The minister said that the government would partner with private individuals, business and non-governmental organisations to ensure their preservation.
Mohammed explained that vultures were part of the ecosystem and the biodiversity of the nation.
The Chairman of the occasion, Dr Newton Jibunoh, said that Nigeria should strive to preserve wetlands and forests.
Jibunoh said that if the forests and wetlands continued to diminish as it was today, there would be no place for vultures to exist, as they needed trees and shrubs to perch.
He stressed the need for legislations to prevent people from poaching on endangered species, which, he said, the vultures had become.
The Director-General of NCF, Mr Adeniyi Karunwi, said that the foundation had for some years now recognised the decline in the vulture population.
He said that the lecture afforded the foundation another opportunity to create awareness on vultures and their relevance in the ecosystem.

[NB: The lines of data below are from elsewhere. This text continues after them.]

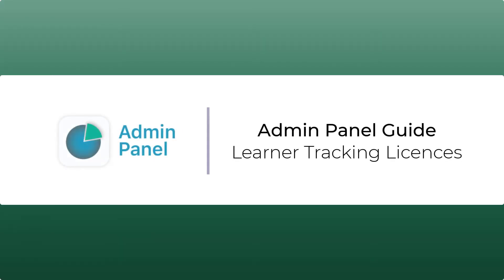Welcome to Admin Panel Guide for Learner Tracking Licenses. This guide will walk you through the basics of the Admin Panel, helping you make the most of your subscription to Clarity programs.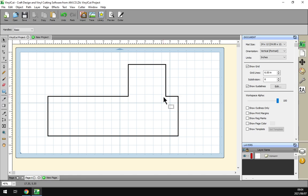Howdy guys, in today's video of the vinyl cut we'll be looking at the measuring tool. Let's just have a quick intro here.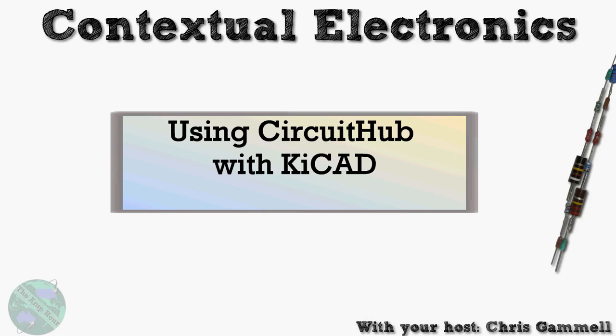Welcome back to Contextual Electronics. My name is Chris Gammel. And if this is your first time watching, welcome to Contextual Electronics.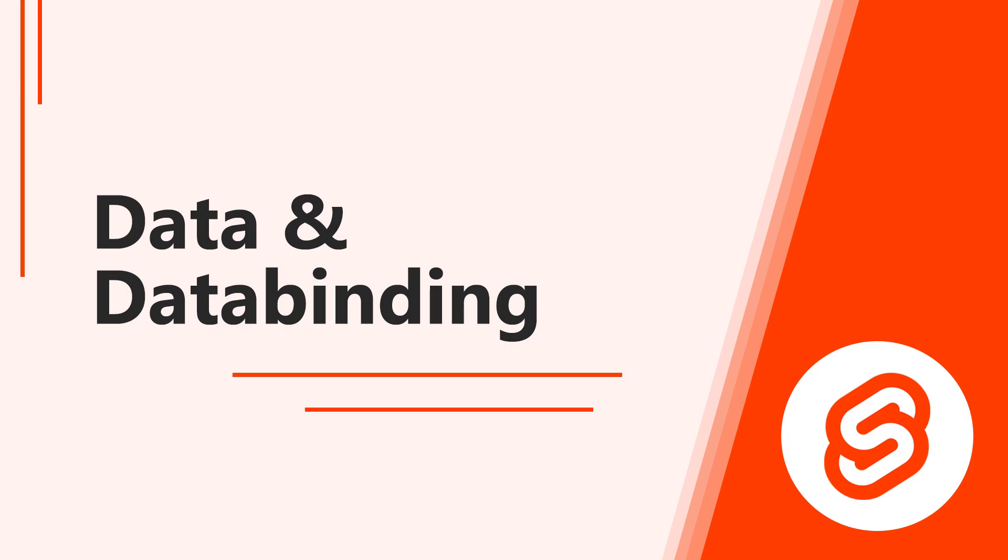Hello and welcome to this lesson on data and data binding in Svelte. In this video we learn how to communicate between the script section and the markup with one-way data binding.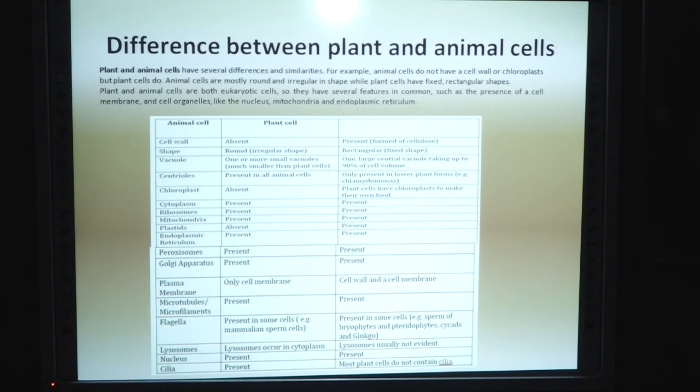This table represents the basic differences between animal cell and plant cell. Dear students, we have learned about cell structure and its classification. I hope you get valuable information. If you have any query, you can drop your message in the comment box. Thank you.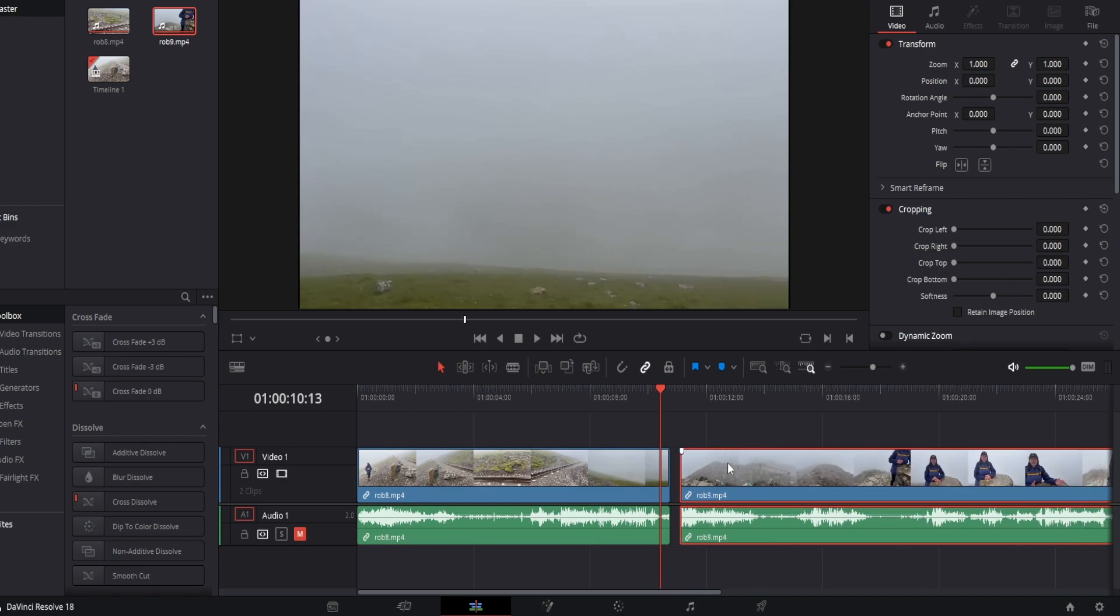Now in order for the transition to work you will need to trim the ends or the beginning of one of the clips and this gives the transition something to overlay.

Karunmi said that the lecture was the NCF’s advocacy across different aspects to bring a stop to the declining population of vultures and focus attention on their conservation.
Chief Ede Dafinone, the NCF Council Chairman, said that the memorial lecture was a platform to raise salient issues on the environment.
He said that dangers posed by the declining vulture population were enormous, adding that there should be a national action plan to reverse the trend.